Credit Card Debt Relief companies can assist you with credit card debt. The two main types of companies are Credit Counseling organizations which offer Debt Management Plans and Debt Settlement Companies that provide debt negotiation plans. These two options are vastly different so it’s important to know the difference.
A Credit Counseling Organization will place you into a repayment plan with your creditor at a lower interest rate. The payment plans normally don’t extend longer than 60 months (5 years) so the monthly payments tend to be rather high.
The main benefit is that since you are repaying the account at a lower interest rate more of your monthly payment is going towards the principal balance rather than the interest. If you already have low interest rates (10-15% range or lower) or are struggling to make minimum payments, this may not be the solution for you. However, if you have high interest rates and can comfortably afford your minimum payments, this may reduce the amount of time you’re in debt substantially.
A Debt Settlement Plan, on the other hand, will negotiate with the creditor to reduce the actual principal balance of the account to consider it “settled” and paid. It’s more aggressive than a creditor counseling plan, but will also offer more savings and likely lower monthly program payments. A debt settlement plan should be completed in a maximum of 36-48 months. However, the length of time to complete a plan with largely be based on the ability to make a larger monthly payment.

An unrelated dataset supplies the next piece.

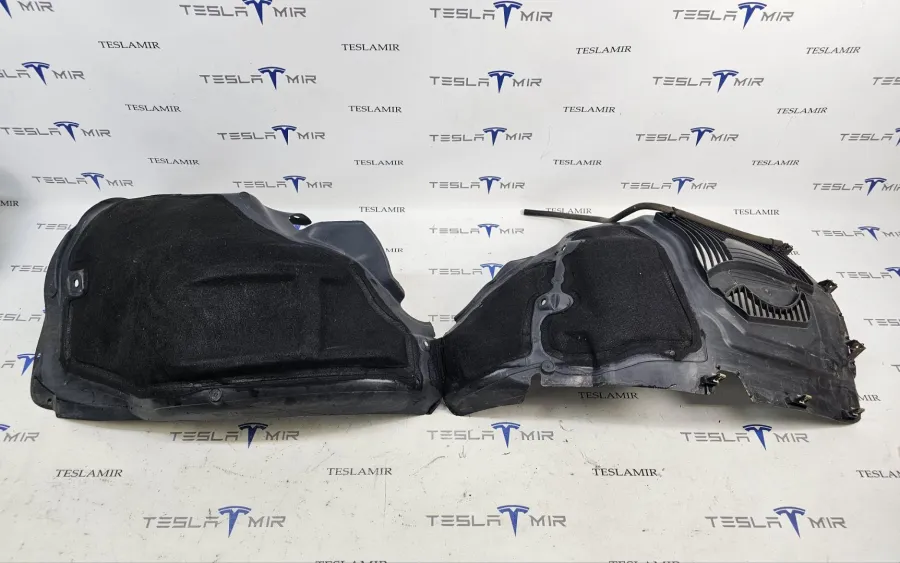 Подкрылок (защита колесных арок) передний правый Tesla Model S 2018 — фото 1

Mortgage Assistance is often needed if the loan was an adjustable rate mortgage and the rate recently changed causing the payments to be unaffordable. Also, the latest housing boom caused many home prices to rise to record highs. This caused many mortgages to be more than the average income earner can afford.
When getting help with a mortgage it’s important to ensure you working with a reputable firm. Never pay any fees up front so look for companies willing to help based on performance.